* **What you need to do**: Copy exactly, and copy nothing else: the line that contains "Additional image 21" and all lines after it in the listing, without pictures.

* **Supplied material**:
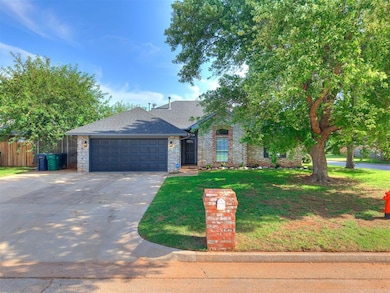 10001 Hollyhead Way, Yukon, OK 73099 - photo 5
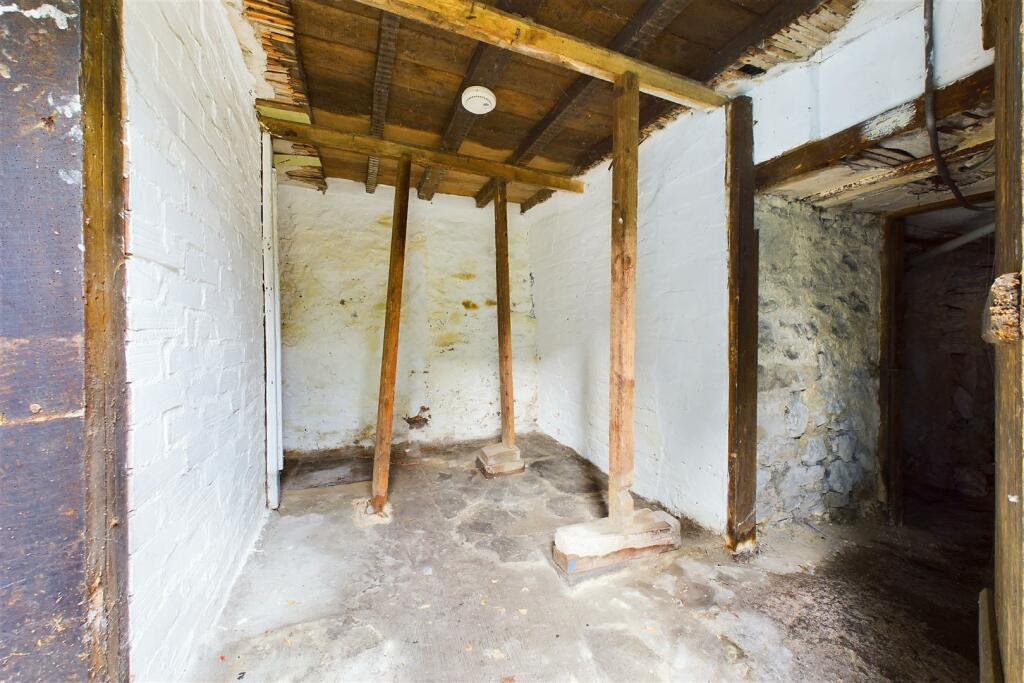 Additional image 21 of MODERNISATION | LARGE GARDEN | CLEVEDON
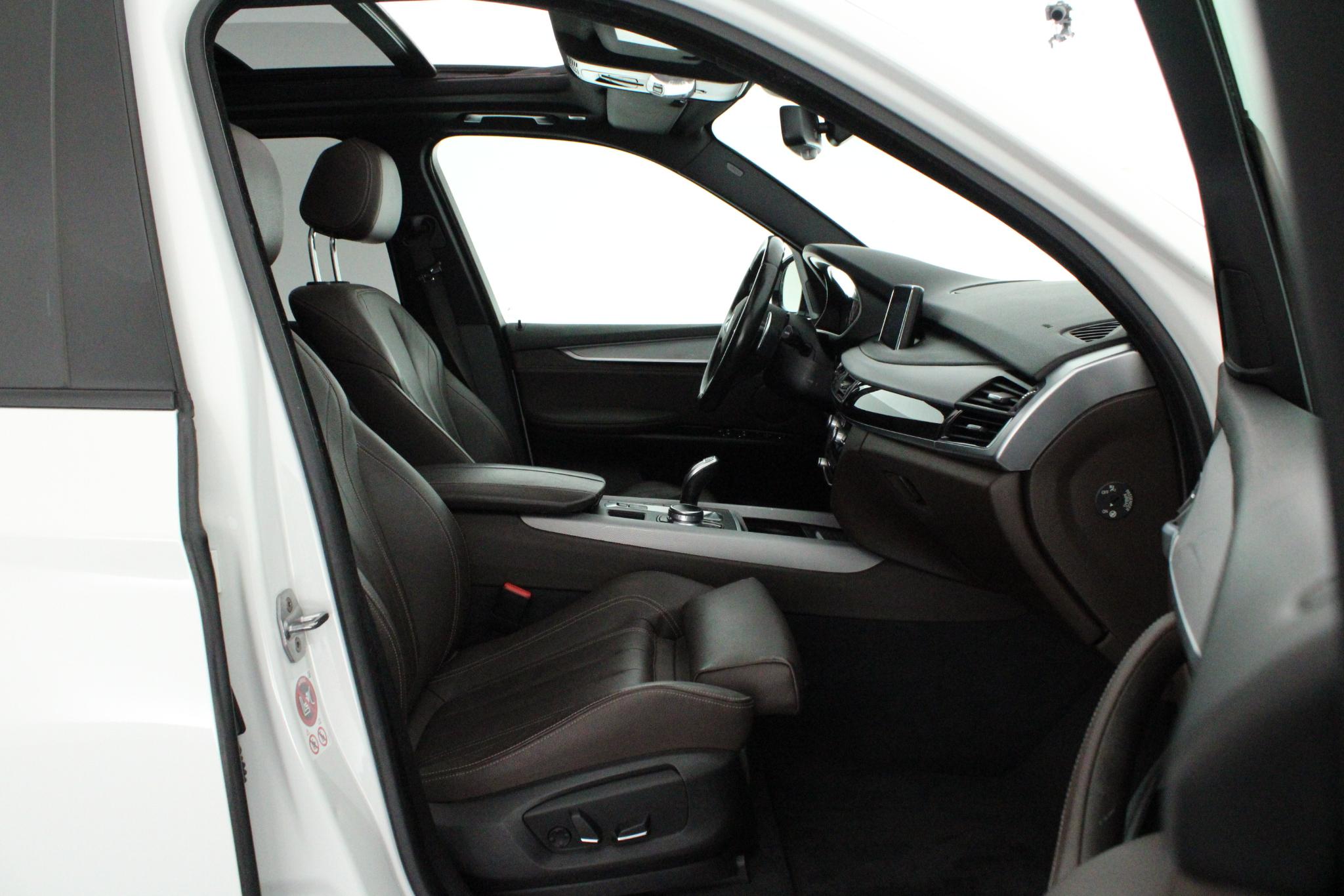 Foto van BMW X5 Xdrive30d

* **Exercise output**:
 Additional image 21 of MODERNISATION | LARGE GARDEN | CLEVEDON
 Foto van BMW X5 Xdrive30d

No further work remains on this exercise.